Наше впечатление разделил и Паша, который на очередном перекуре сказал:
— Белка-Белка, Нарочь-Нарочь, вы что в войнушку не наигрались что ли? Придумают же сами себе и гуляются потом.
Вскоре появились первые признаки усталости. Бесконечные копии деревьев мылили глаз. Буреломы и высокие, с человеческий рост, порой почти непроходимые кустарники делали путь трудным. В один момент я понял, что уже некоторое время сосредоточен лишь на самом пути, совсем позабыв о правиле постоянного оглядывания назад. Ближе к полудню мы вышли из густого леса и оказались в жилой части местности. Несколько невзрачных домиков, но среди них один, выкрашенный в жёлтый и синий цвета, — он был чем-то волшебным среди окружающей нас чёрной стены леса. Робкое осеннее солнце ласково подсвечивало красоту домика, который граничил с тёмным царством.
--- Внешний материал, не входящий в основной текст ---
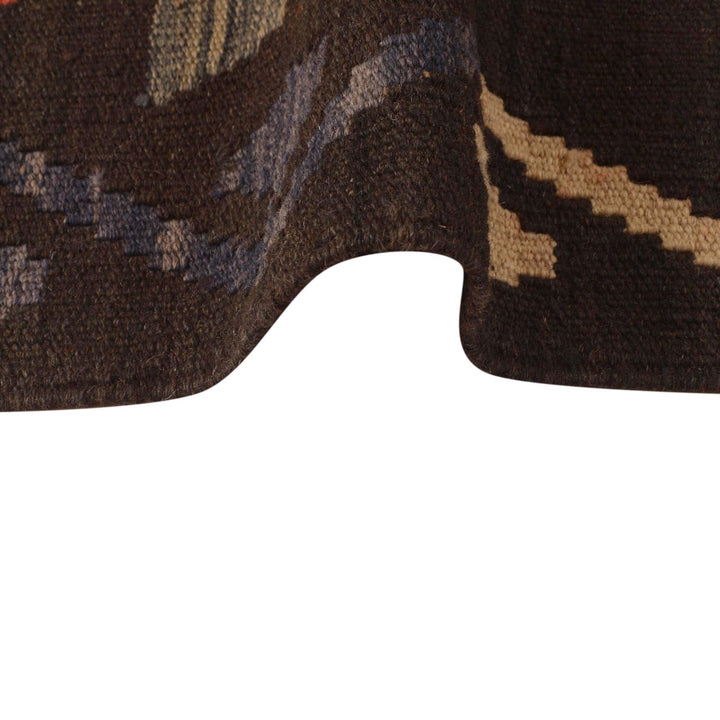 Handmade Vegetable Kilim 4' 6" x 5' 10" - No. AL68315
— Да нет тут его, не там ищете! — показался хозяин. — Вроде говорили, что он из лесу вышел!
Белка и Нарочь сверили данные навигаторов. Мы снова выстроились в цепь и приготовились двигаться вперёд. Метрах в двухстах, за домиками, виднелась чёрная стена леса. Но перед ней необходимо было прочесать густые, двухметровые сухие заросли. Мы двинулись вперёд.
Чтобы пробить путь через такое препятствие, необходимо было наваливаться всем весом и утрамбовывать себе дорогу. О том, чтобы держать шеренгу, речи не шло. Абсурдность ситуации стала очевидна всем. Озвучить это снова решил Паша:
— Не, ну какой тут, на хуй, дед с инсультом пройдёт? Мне здесь трудно, а чтобы дед ещё?
Все посмеялись. Но участок решили всё равно пройти до конца. До леса оставалось метров сто. Там было принято решение остановиться, пообедать и затем двинуться дальше. И я снова словил себя на мысли, что думаю о еде, но никак не о пропавшем в лесу человеке. Мои размышления прервало острое ощущение присутствия чего-то постороннего в моей левой стопе. Следующий шаг — и ощущение сменилось подступающей болью.
Удивительнее всего было наблюдать за реакцией Белки. Пока мне обрабатывали ногу перекисью, она с энтузиазмом запрашивала «эвакуацию травмированного» на квадроцикле. А я сидел на земле и слегка переживал, чтобы гвоздь, на который я наступил, был как можно чище.
В этот день мои поиски пропавшего человека были завершены. Меня и Антона доставили в штаб на квадроцикле, а группа прочёсывала лес до наступления темноты. Антон доставил меня в город. Тем же вечером я сделал прививку от столбняка.
Учителя нашли спустя два дня. Он умер от инсульта недалеко от трассы, успев выйти из зелёного безмолвия.